Change pages only after comparison

Prakruth · September 2, 2025, 1:29pm

Hi,

docA = aw.Document( "DocumentA.docx")
docB = aw.Document("DocumentA_corrected.docx")

options = aw.comparing.CompareOptions()
            
options.ignore_formatting = True
options.ignore_headers_and_footers = True
options.ignore_case_changes = True
options.ignore_tables = True
options.ignore_fields = True
options.ignore_comments = True
options.ignore_textboxes = True
options.ignore_footnotes = True
            
docA.compare(docB, "user", datetime.today(), options)

so lets assume the original document has 5pages and corrections are made in page 1,2,5

after comparing now is there way to save only these pages?
can the do this dynamically for longer document where we do not know whic pages are having changes?
can you please help me with code?

Professionalize.Discourse · September 2, 2025, 1:30pm

@Prakruth

To save only the pages that have changes after comparing two documents, follow these steps:

Cause: You need to identify and save only the pages that have been modified between two documents.
Solution: Use the compare method to find changes, then collect the indices of the changed pages, and finally save those pages using PdfSaveOptions.

Here’s a code example to illustrate this process:

import com.aspose.words.*;

public class CompareAndSaveChangedPages {
    public static void main(String[] args) throws Exception {
        // Load the original and corrected documents
        Document docA = new Document("DocumentA.docx");
        Document docB = new Document("DocumentA_corrected.docx");

        // Compare the documents
        docA.compare(docB, "user", new Date());

        // Create a list to hold the indices of changed pages
        List<Integer> changedPages = new ArrayList<>();

        // Iterate through revisions to find changed pages
        for (Revision revision : docA.getRevisions()) {
            int pageIndex = revision.getParentNode().getDocument().getPageCount();
            if (!changedPages.contains(pageIndex)) {
                changedPages.add(pageIndex);
            }
        }

        // Create PdfSaveOptions and set the pages to save
        PdfSaveOptions saveOptions = new PdfSaveOptions();
        saveOptions.setPageSet(new PageSet(changedPages.stream().mapToInt(i -> i).toArray()));

        // Save the document with only the changed pages
        docA.save("ChangedPages.pdf", saveOptions);
    }
}

Explanation:

The code compares two documents and identifies the pages with changes.
It collects the indices of the changed pages and sets them in the PdfSaveOptions.
Finally, it saves the document containing only the modified pages.

Next Steps:

You can run this code in your Java environment with the Aspose.Words library included. Ensure that the document paths are correct and that you have the necessary permissions to read and write files.

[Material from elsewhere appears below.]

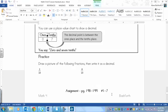So your lesson or your assignment then is on page 198 to 199 and it's number 17.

If you have any further questions or need additional assistance, feel free to ask!

Prakruth · September 2, 2025, 1:37pm

we are using ptyhon coding language, can you please help us with python code?

alexey.noskov · September 2, 2025, 2:35pm

@Prakruth As you may know MS Word documents are flow by their nature and there is no “page” concept. The consumer applications reflow the document content into pages on the fly. Aspose.Words has it’s own layout engine to achieve this.
To achieve what you need, it is required to determine page indices where changes are found. Changes are marked with revisions. You can achieve this using LayoutCollector class.
If you are saving the output in fixed page formats, like PDF or XPS, you can set the required page indices in PageSet. Otherwise it will be required to use Document.extract_pages method to extract required pages as separate documents and then join them into one document. Both cases are demonstrated in the code below:

v1 = aw.Document("C:\\Temp\\v1.docx")
v2 = aw.Document("C:\\Temp\\v2.docx")

# Compare documents.
v1.compare(v2, "AW", datetime.date.today())

# Create LayoutCollector to determine page indices with revisions.
collector = aw.layout.LayoutCollector(v1)

# Collect page indices to extract.
pages = []
for r in v1.revisions :
    page = collector.get_start_page_index(r.parent_node)
    if not page in pages:
        pages.append(page - 1)

# If the output is saved to Fixed page formats like PDF you can specify page indices in save options.
pdf_save_opt = aw.saving.PdfSaveOptions()
pdf_save_opt.page_set = aw.saving.PageSet(pages)
v1.save("C:\\Temp\\out.pdf", pdf_save_opt)

# If the output must be saved in flow format, like DOCX, it is required to extract required pages.
tmp = v1.clone(False).as_document()
for i in pages:
    tmp.append_document(v1.extract_pages(i, 1), aw.ImportFormatMode.USE_DESTINATION_STYLES)
tmp.save("C:\\Temp\\out.docx")

Prakruth · September 10, 2025, 10:18am

“Can not access ParentNode for a style revision. Use ParentStyle instead.” this kind of error is seen for certain files, is there a generalised solution which cover all information from a document?

alexey.noskov · September 10, 2025, 12:44pm

@Prakruth You should skip processing style revision. Try adding the following condition:

# Collect page indices to extract.
pages = []
for r in v1.revisions :
    if r.revision_type  != aw.RevisionType.STYLE_DEFINITION_CHANGE:
        page = collector.get_start_page_index(r.parent_node)
        if not page in pages:
            pages.append(page - 1)